### TASK OBJECTIVE
When you copy the records that follow, please keep every word exactly as it is and leave out the pictures.

### Captioned web images
**********
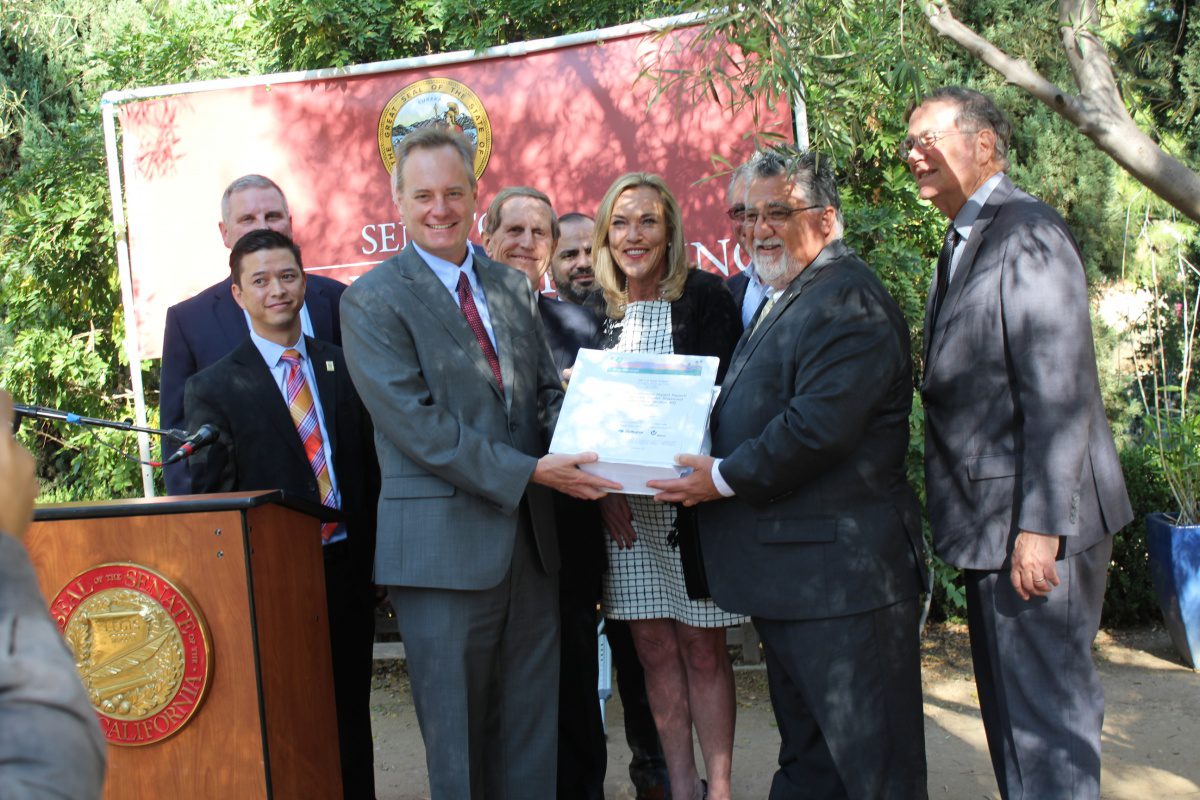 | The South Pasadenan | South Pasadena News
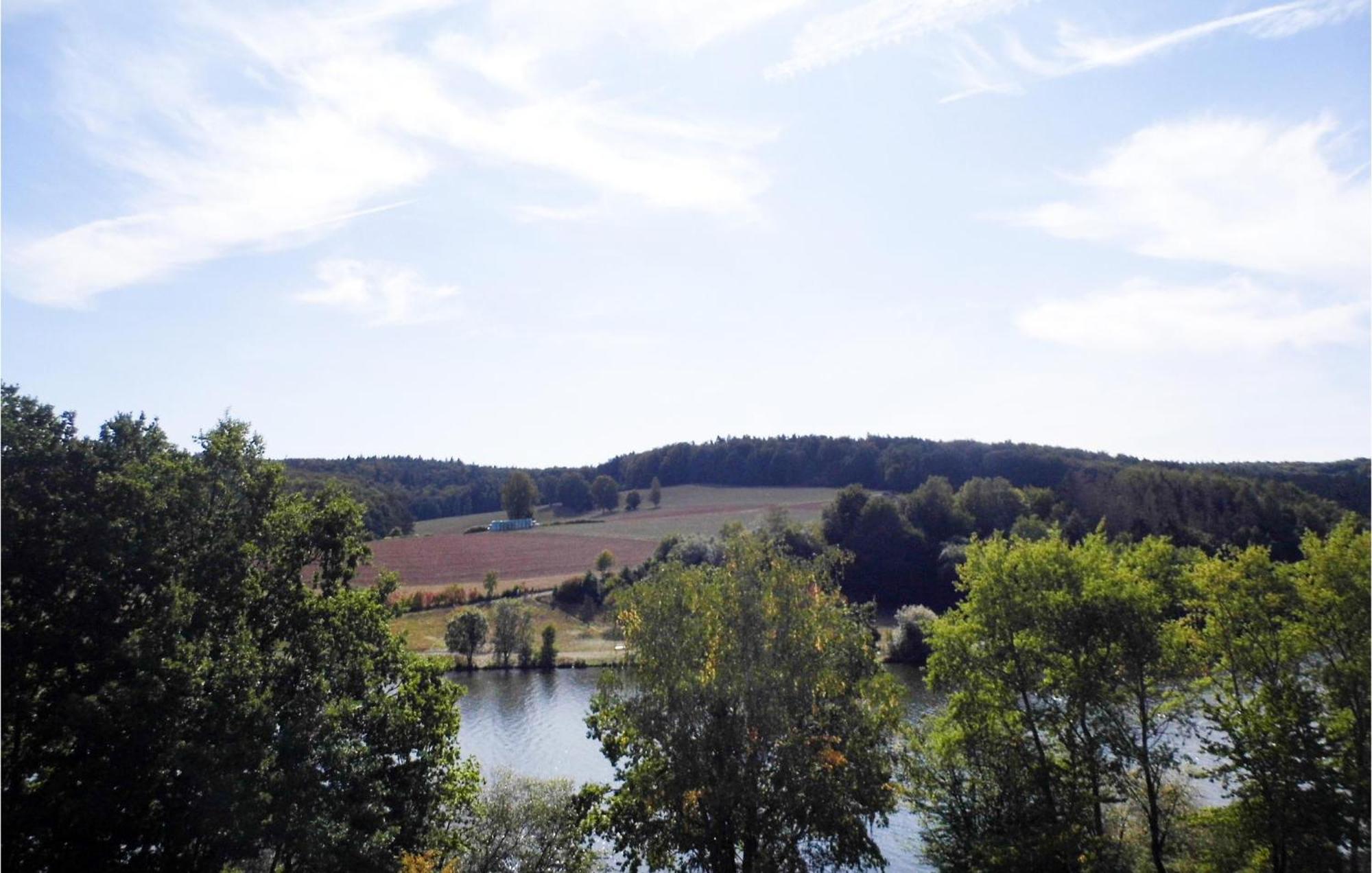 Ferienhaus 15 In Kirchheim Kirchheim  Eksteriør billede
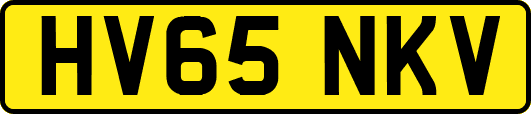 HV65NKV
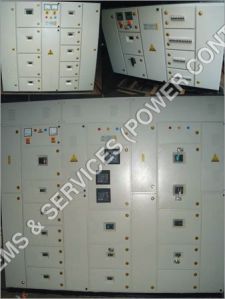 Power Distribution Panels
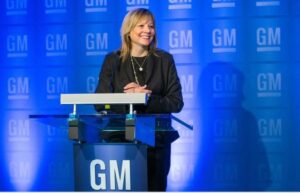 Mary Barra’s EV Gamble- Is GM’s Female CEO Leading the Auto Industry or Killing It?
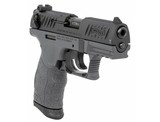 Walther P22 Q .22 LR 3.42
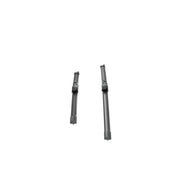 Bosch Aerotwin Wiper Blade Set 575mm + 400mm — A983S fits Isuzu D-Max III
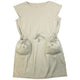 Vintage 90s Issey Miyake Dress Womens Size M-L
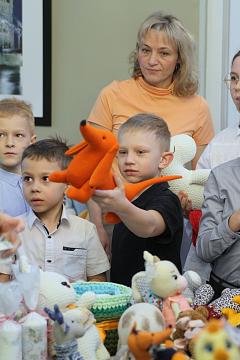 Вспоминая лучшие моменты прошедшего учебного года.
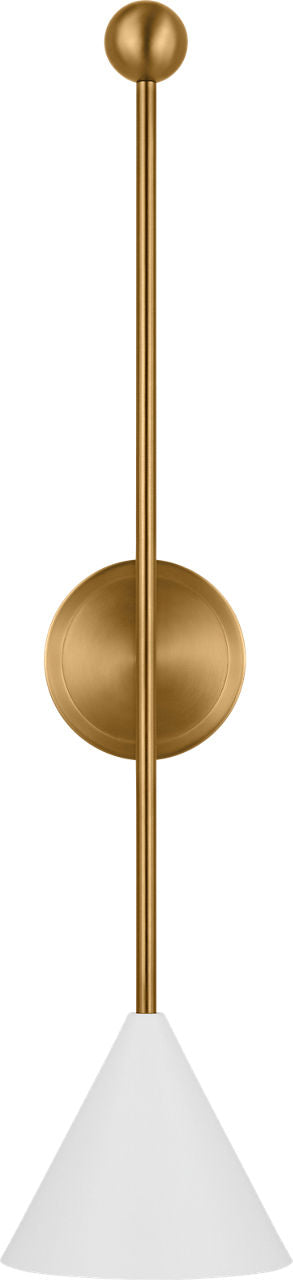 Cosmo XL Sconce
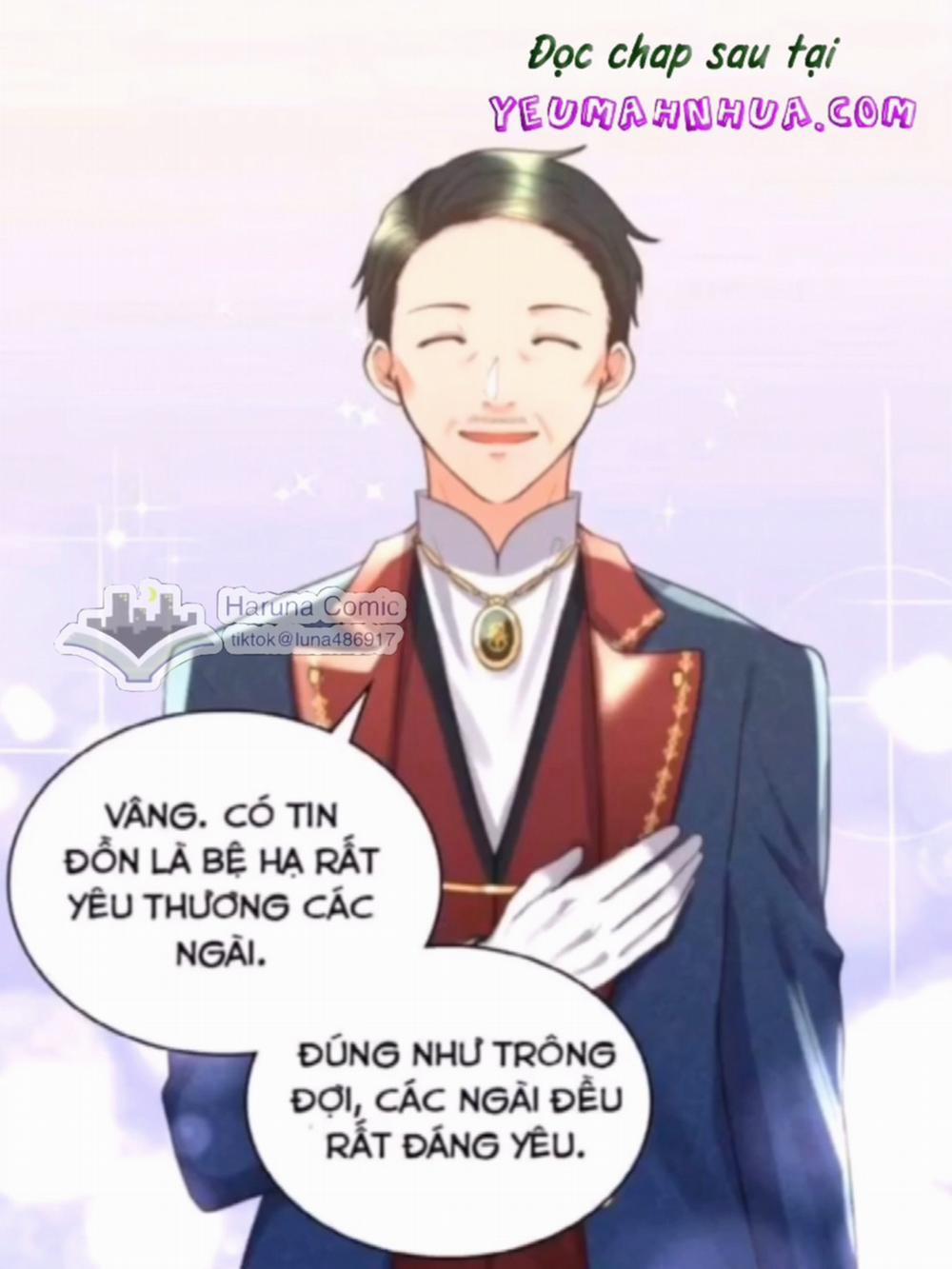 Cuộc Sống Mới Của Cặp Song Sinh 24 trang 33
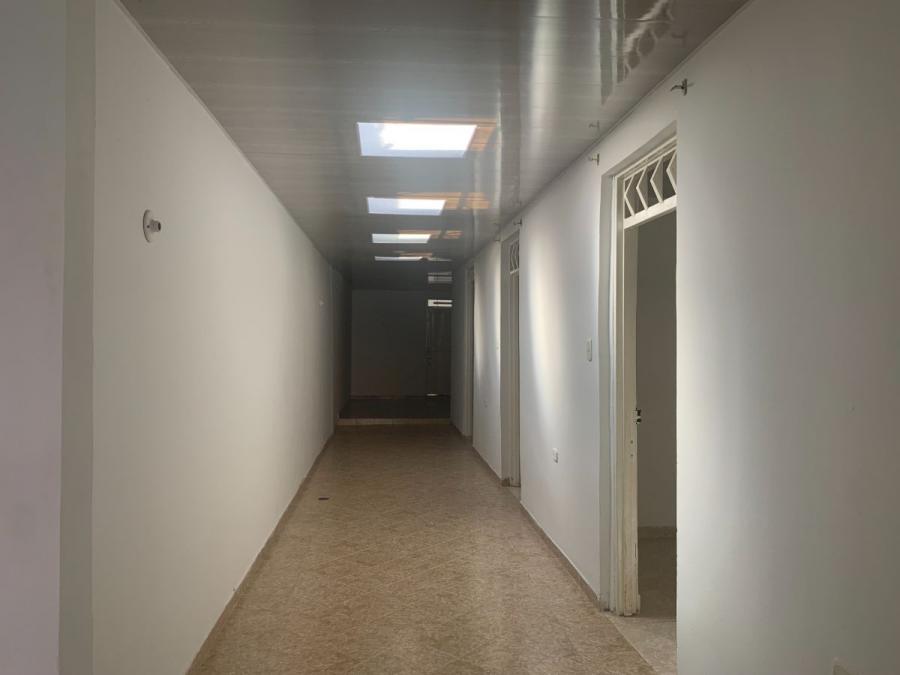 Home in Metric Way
**********
### REPLY TO THE EXERCISE
 | The South Pasadenan | South Pasadena News
 Ferienhaus 15 In Kirchheim Kirchheim  Eksteriør billede
 HV65NKV
 Power Distribution Panels
 Mary Barra’s EV Gamble- Is GM’s Female CEO Leading the Auto Industry or Killing It?
 Walther P22 Q .22 LR 3.42
 Bosch Aerotwin Wiper Blade Set 575mm + 400mm — A983S fits Isuzu D-Max III
 Vintage 90s Issey Miyake Dress Womens Size M-L
 Вспоминая лучшие моменты прошедшего учебного года.
 Cosmo XL Sconce
 Cuộc Sống Mới Của Cặp Song Sinh 24 trang 33
 Home in Metric Way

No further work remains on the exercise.